Data below section start

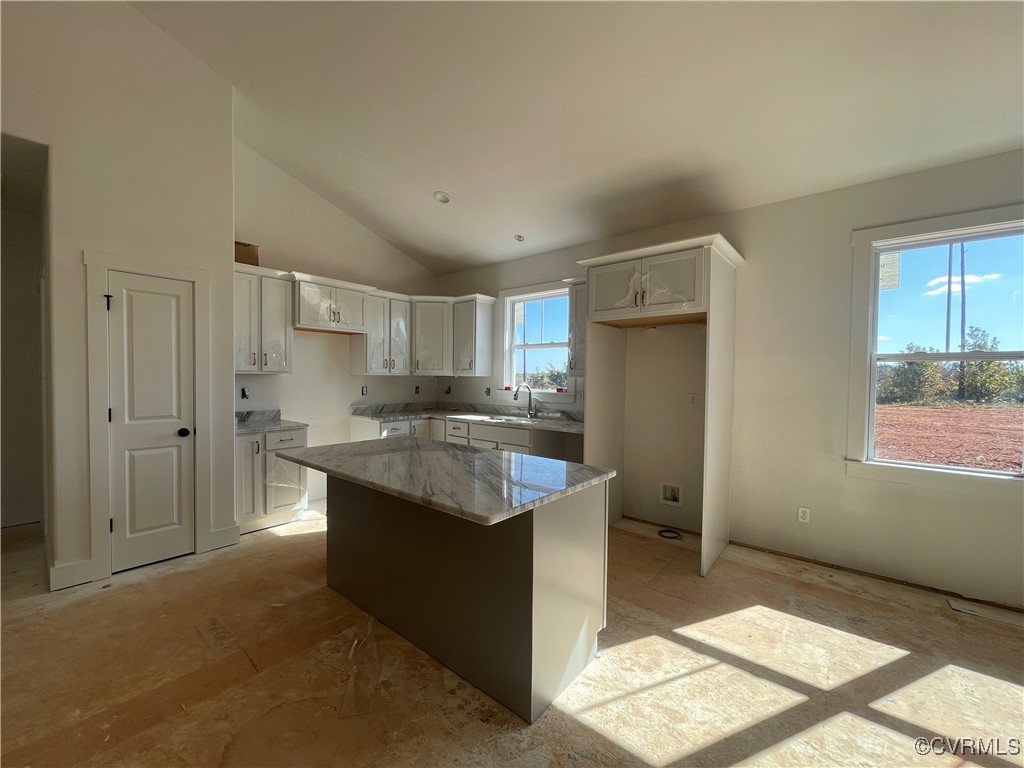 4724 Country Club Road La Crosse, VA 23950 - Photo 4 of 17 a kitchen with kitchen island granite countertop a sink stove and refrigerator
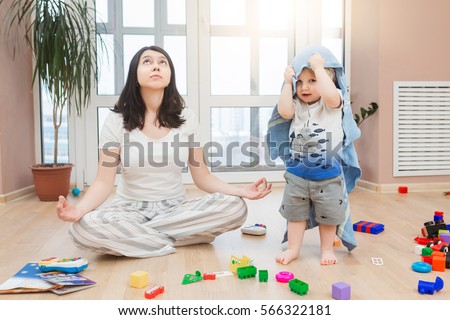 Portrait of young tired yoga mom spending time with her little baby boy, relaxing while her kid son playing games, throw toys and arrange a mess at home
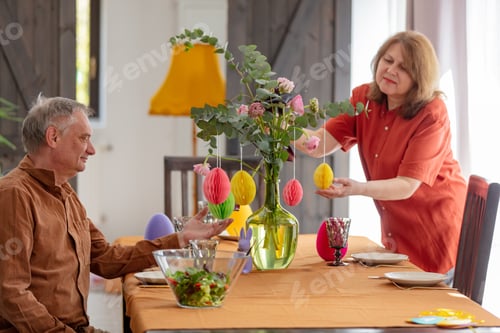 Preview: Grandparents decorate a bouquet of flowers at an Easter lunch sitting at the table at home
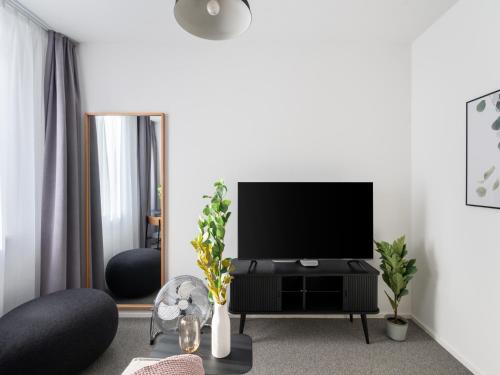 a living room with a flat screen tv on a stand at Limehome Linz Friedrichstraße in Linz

Data below section end

> **What is required**
Repeat the material exactly. Any picture in it should be dropped.

> **Final answer**
 4724 Country Club Road La Crosse, VA 23950 - Photo 4 of 17 a kitchen with kitchen island granite countertop a sink stove and refrigerator
 Portrait of young tired yoga mom spending time with her little baby boy, relaxing while her kid son playing games, throw toys and arrange a mess at home
 Preview: Grandparents decorate a bouquet of flowers at an Easter lunch sitting at the table at home
 a living room with a flat screen tv on a stand at Limehome Linz Friedrichstraße in Linz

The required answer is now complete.